Aimeriez-vous imaginer une collection homme pour Schiaparelli?
Oui. Elle en a fait un peu dans les années 50. Mais ce n’est pas une priorité. J’aime énormément l’idée toutefois. Il y a quelque chose dans ma personnalité qui répond vraiment à cet aspect introverti, que je ressens davantage chez l’homme. C’est très personnel. Le processus est très différent pour la femme. J’ai fait mes classes chez Thom Browne, et je pense qu’il fait vraiment les meilleures collections homme au monde.

De quoi vous souvenez-vous de cette décennie à ses côtés?
C’est une autre époque. J’étais à New York, dans ma vingtaine. Je suis très nostalgique de cette période. Je deviens très sensible lors qu’il s’agit du passé. J’ai été le bras droit de Thom, nous avons partagé le même bureau et j’ai vraiment vu la manière dont il opérait, au travail, lors d’interviews, des shows. Thom n’est pas une caricature de la mode : il ne fait pas de drame, il est atypique. Il est un exemple pour moi.

Qu’aimez-vous de votre passé? De quoi êtes-vous nostalgique?

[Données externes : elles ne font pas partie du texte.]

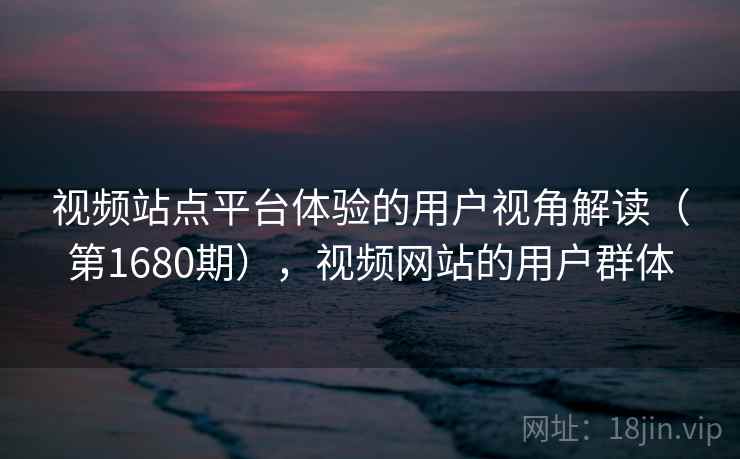 视频站点平台体验的用户视角解读（第1680期），视频网站的用户群体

L’innocence. Je ne suis pas une personne cynique et je ne suis pas attiré par ce trait de caractère chez les autres. L’innocence est une vertu de l’enfance que j’aime, et j’aime les gens qui ont gardé cette innocence très pure. Que j’essaie moi- même de maintenir. Et qui n’est pas chose aisée dans cette industrie.

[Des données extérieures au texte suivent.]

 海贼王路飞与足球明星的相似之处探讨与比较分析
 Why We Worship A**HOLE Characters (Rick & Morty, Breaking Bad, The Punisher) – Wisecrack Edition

Vous vivez à Paris maintenant. Qu’aimez-vous ici ?
Joker (rire)... En réalité, j’aime Paris, c’est agréable car je vis dans le 1er arrondissement. C’est une ville extraordinaire mais l’art de vivre français est quelque chose à quoi il faut encore que je m’habitue. Toute l’administration, la bureaucratie, les vacances. L’accueil de la presse française a été merveilleux. Je fais partie du cercle très fermé de la haute couture. Je n’ai vraiment pas à me plaindre. Néanmoins, cette culture est complètement différente de celle de New York, ça a été un choc. Et il y a la langue. J’aimerais tellement pouvoir parler français couramment et me lancer dans une conversation!

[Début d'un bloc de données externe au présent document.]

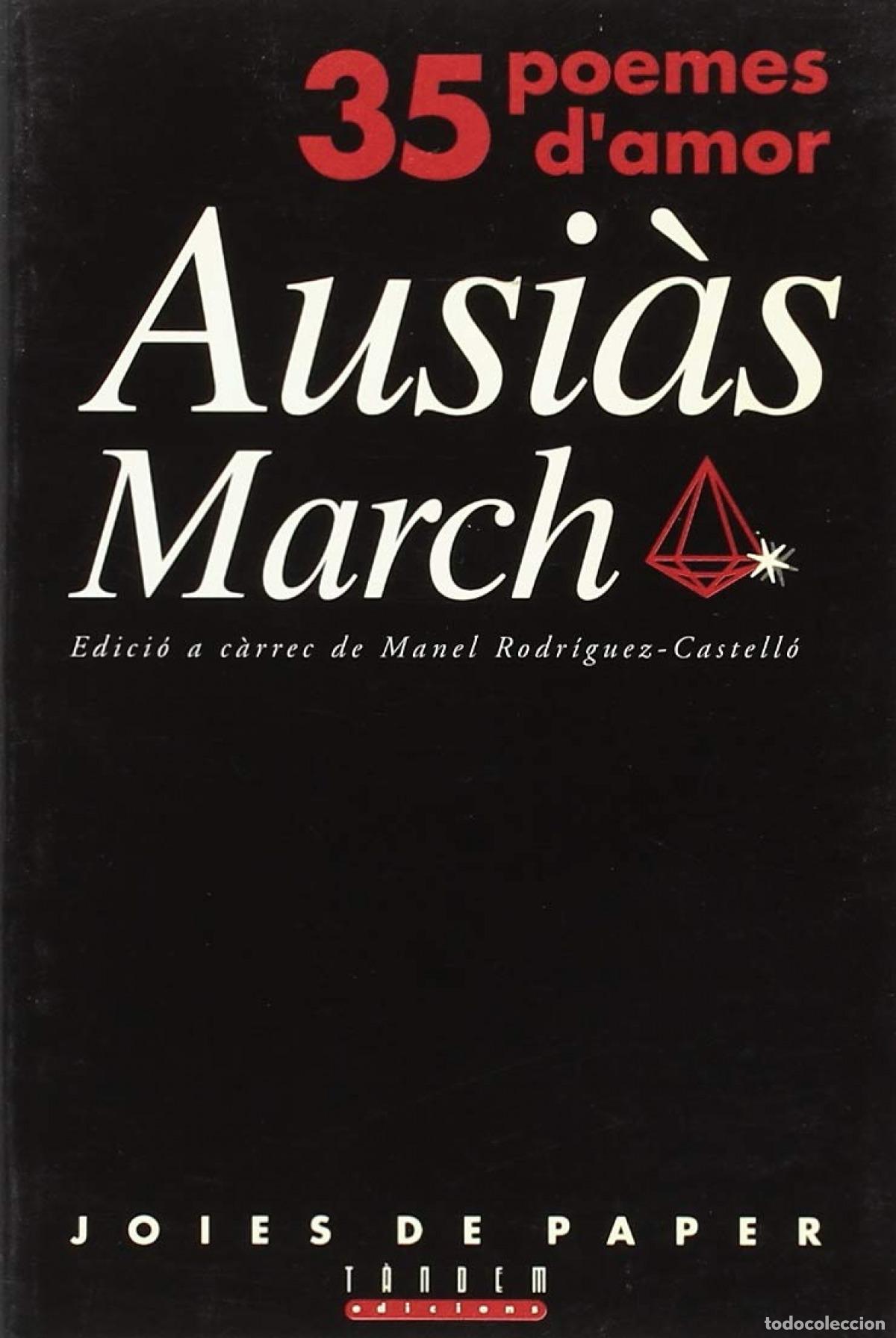 Libros: 35 POEMES D&acute;AMOR D&acute;AUSIAS MARCH - Rodriguez Castello, Jordi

Vous vous levez très tôt ? Vous vous couchez très tard ?
Ça dépend, mais je dors très peu. Je suis un peu insomniaque. Toujours debout entre 3 h et 5 h du matin.

Vous aimez sortir ? Vous faites du sport ? Mangez-vous une nourriture particulière ?
Je vais au musée. Je ne mange pas de viande rouge. Je fais énormément de sport, notamment chez Barry’s Bootcamp, autant que mon corps peut le supporter. Si je ne fais pas ça, tout devient trop fou pour moi. Sinon, je ne sors pas vraiment. Au bureau, je suis le premier à arriver car j’adore travailler le matin place Vendôme.

Quand êtes-vous né?
Le 5 septembre. Je suis Vierge comme Elsa Schiaparelli, née le 10 septembre.

La spiritualité vous intéresse, vous qui êtes né dans une famille très croyante?
Je ne suis pas catholique mais anglican. La spiritualité, la méditation sont très importantes pour moi. Surtout dans cette industrie folle.

Êtes-vous déjà allé en Inde?
J’ai été missionnaire en Inde, au Pakistan, en Jordanie et au Cachemire quand j’avais 19 ans. C’était une autre vie.